We cannot yet assume a Ukrainian victory, however, and do not know how this war will end. We cannot say that Putin has lost strategically (despite endemic Russian tactical incompetence and repeated operational failures) simply because he has not yet won. Ukraine has inflicted devastating battlefield defeats on Russian forces. The Russian military will struggle to replace its substantial losses for years to come. Ukraine is poised to conduct further counteroffensives in 2023 after the ongoing Russian offensive in Luhansk Oblast culminates. Western unity behind Ukraine remains high, and Putin has lost ground in the global information space. Nonetheless, the Russian military remains dangerous, Putin’s objectives have not changed, and even a partial Russian victory would be crippling for Ukraine.

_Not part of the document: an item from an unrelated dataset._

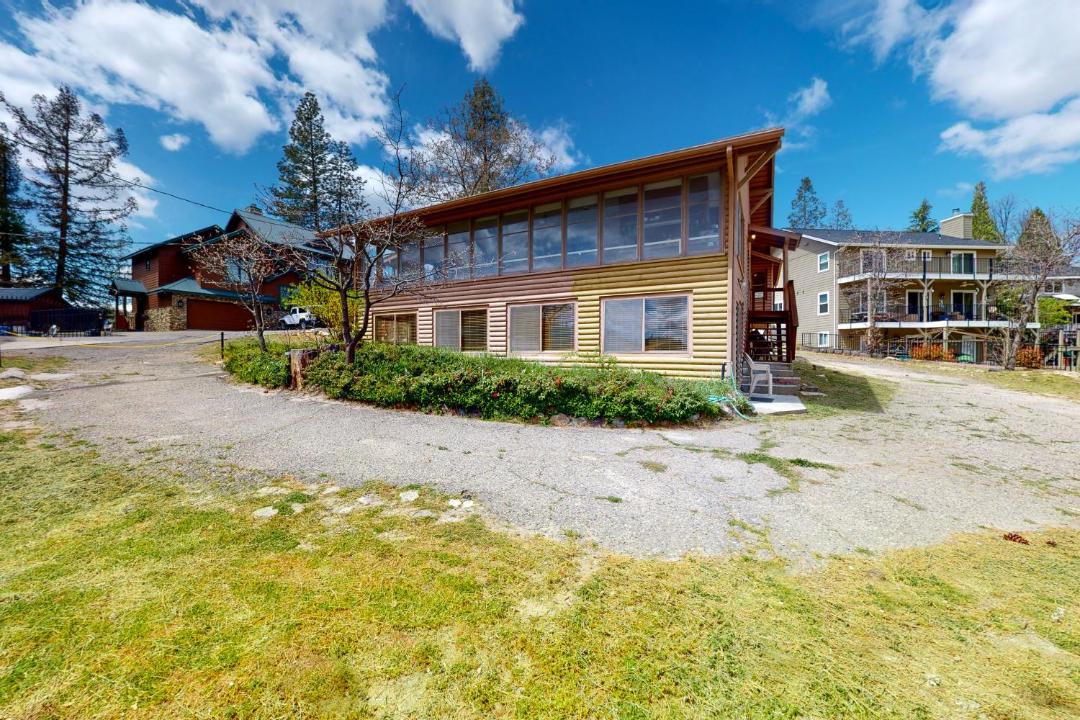 Photo of Buildings in Bass Lake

Putin is unlikely to ever change his maximalist intent to secure control over Ukraine. Putin has long rejected Ukrainian sovereignty and the existence of an independent Ukrainian nation, repeatedly claiming that Russia “created” Ukraine, and only Russia can be the “single real guarantee of Ukrainian sovereignty.” As ISW fellow Nataliya Bugayova argues, Putin has tried to gain control over Ukraine in increasingly extreme ways for two decades—first seeking to dominate Ukraine’s politics in the 2000s and early 2010s; through military intervention in 2014 and manipulating the Minsk II peace framework afterwards; and finally resorting to a full-scale and likely genocidal invasion in 2022. Putin has only abandoned each of these efforts to control Ukraine after being defeated and will not abandon his current invasion easily—but Ukraine can and must defeat him again.